• RECORDED DATA
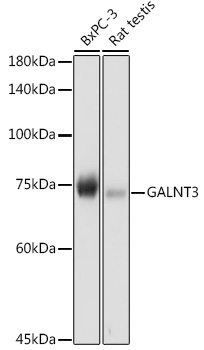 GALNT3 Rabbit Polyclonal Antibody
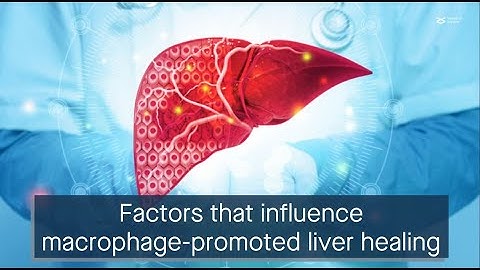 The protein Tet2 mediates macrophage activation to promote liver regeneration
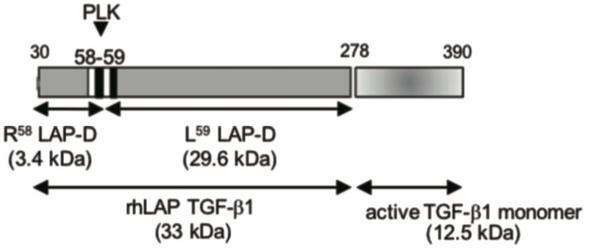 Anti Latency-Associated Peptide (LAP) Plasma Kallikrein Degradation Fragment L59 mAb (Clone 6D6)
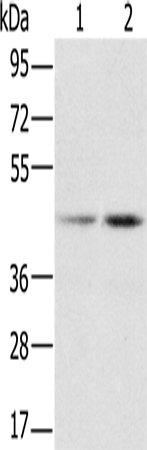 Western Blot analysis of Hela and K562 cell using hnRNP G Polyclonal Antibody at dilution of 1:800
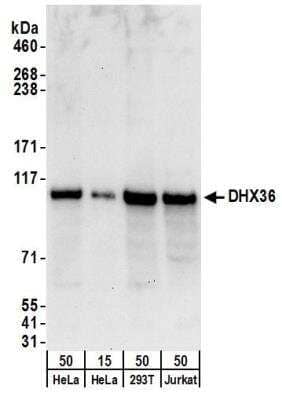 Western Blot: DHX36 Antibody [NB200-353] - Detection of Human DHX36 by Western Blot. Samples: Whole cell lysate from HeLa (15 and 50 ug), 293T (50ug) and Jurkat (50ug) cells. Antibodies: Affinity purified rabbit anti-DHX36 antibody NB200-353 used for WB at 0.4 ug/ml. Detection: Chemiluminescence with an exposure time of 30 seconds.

• PROBLEM STATEMENT
Omit all images when repeating the data above exactly.

• WRITTEN SOLUTION
 GALNT3 Rabbit Polyclonal Antibody
 The protein Tet2 mediates macrophage activation to promote liver regeneration
 Anti Latency-Associated Peptide (LAP) Plasma Kallikrein Degradation Fragment L59 mAb (Clone 6D6)
 Western Blot analysis of Hela and K562 cell using hnRNP G Polyclonal Antibody at dilution of 1:800
 Western Blot: DHX36 Antibody [NB200-353] - Detection of Human DHX36 by Western Blot. Samples: Whole cell lysate from HeLa (15 and 50 ug), 293T (50ug) and Jurkat (50ug) cells. Antibodies: Affinity purified rabbit anti-DHX36 antibody NB200-353 used for WB at 0.4 ug/ml. Detection: Chemiluminescence with an exposure time of 30 seconds.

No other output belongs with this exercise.